3, che ha reso possibile il ricorso per cassazione anche "per
violazione o falsa applicazione dei contratti o accordi collettivi
nazionali di lavoro". 13. La questione di legittimità costituzionale
prospettata in ricorso è, infine, manifestamente infondata. Posto che si
fa riferimento non al diritto di assemblea in generale, ma allo
specifico diritto di assemblea durante l'orario di lavoro e retribuita,
la forte compressione delle prerogative datoriali e dell'attività
aziendale che esso comporta, giustifica l'apposizione di limiti congrui e
rende conforme la delimitazione che discende dalla lettura fornita
dalla Corte di Torino al criterio di ragionevolezza ed agli equilibri
costituzionali tra i diritti di rango costituzionale che vengono a
confronto.
14. Con il secondo motivo del ricorso, la ricorrente deduce violazione e falsa applicazione, a sensi dell'art. 360 c.p.c., n. 3, degli artt. 1362 e 1367 c.c.,
per non avere la Corte di Appello, in sede di interpretazione dell'art.
4 dell'accordo sindacale, esattamente colto il significato della parola
"singolarmente" in relazione al limite delle tre ore. Il motivo è
infondato per le considerazioni già svolte e comunque è inidoneo a
scalfire la ragionevolezza dell'interpretazione fornita sullo specifico
punto dalla Corte di Appello, con una motivazione consequenziale e
conforme ai canoni ermeneutici codicistici.
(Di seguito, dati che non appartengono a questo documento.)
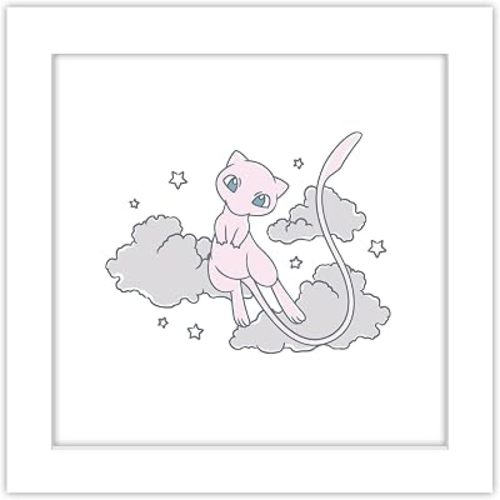 Gallery Pops Pokémon - Daily Sketch Mew Wall Art, 12" x 12" Gallery Pops Wall Art, White Framed Version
15. Col terzo motivo del ricorso, la ricorrente deduce violazione della L. n. 300 del 1970, art. 20,
nella parte in cui stabilisce l'ordine di precedenza tra le varie RSA.
La tesi della difesa ricorrente è che l'ordine di priorità vada
stabilito avendo riguardo non alla comunicazione al datore di lavoro, ma
alla convocazione e che per assemblee già convocate devono intendersi
solo quelle "comunicate ai destinatari delle stesse". 16. La Corte
d'Appello di Torino, aveva respinto l'appello con il quale si sosteneva
che le altre organizzazioni sindacali avevano effettuato le
comunicazioni al datore di lavoro senza indicare le date in cui la
convocazione era stata pubblicizzata all'indirizzo dei lavoratori.
17.
Anche sul punto la soluzione interpretativa della Corte è conforme al
dato normativo che collega l'ordine di precedenza alla comunicazione
della convocazione al datore di lavoro richiedendo quindi che la
comunicazione concerna un assemblea già fissata con ora e data (e non
una generica intenzione di indire una assemblea), ma certo senza
richiedere che il datore di lavoro debba accertare se e quando la
convocazione sia stata concretamente portata a conoscenza dei
lavoratori.
18. Il ricorso principale deve
essere quindi rigettato. Il ricorso incidentale va dichiarato
inammissibile per sopravvenuta carenza di interesse. Giusti motivi, in
relazione all'opinabilità di alcuni profili della materia del
contendere, alla novità ed alla complessità delle questioni dibattute e
non ultimo al comportamento processuale delle parti, le quali hanno
tutte contribuito a dirimere le questioni stesse, consigliano la
compensazione integrale delle spese del giudizio di cassazione.
P.Q.M.
La
Corte riunisce i ricorsi, rigetta il ricorso principale, dichiara
inammissibile il ricorso incidentale; compensa le spese del giudizio di
legittimità.
Così deciso in Roma, in Camera di consiglio, il 26 maggio 2009.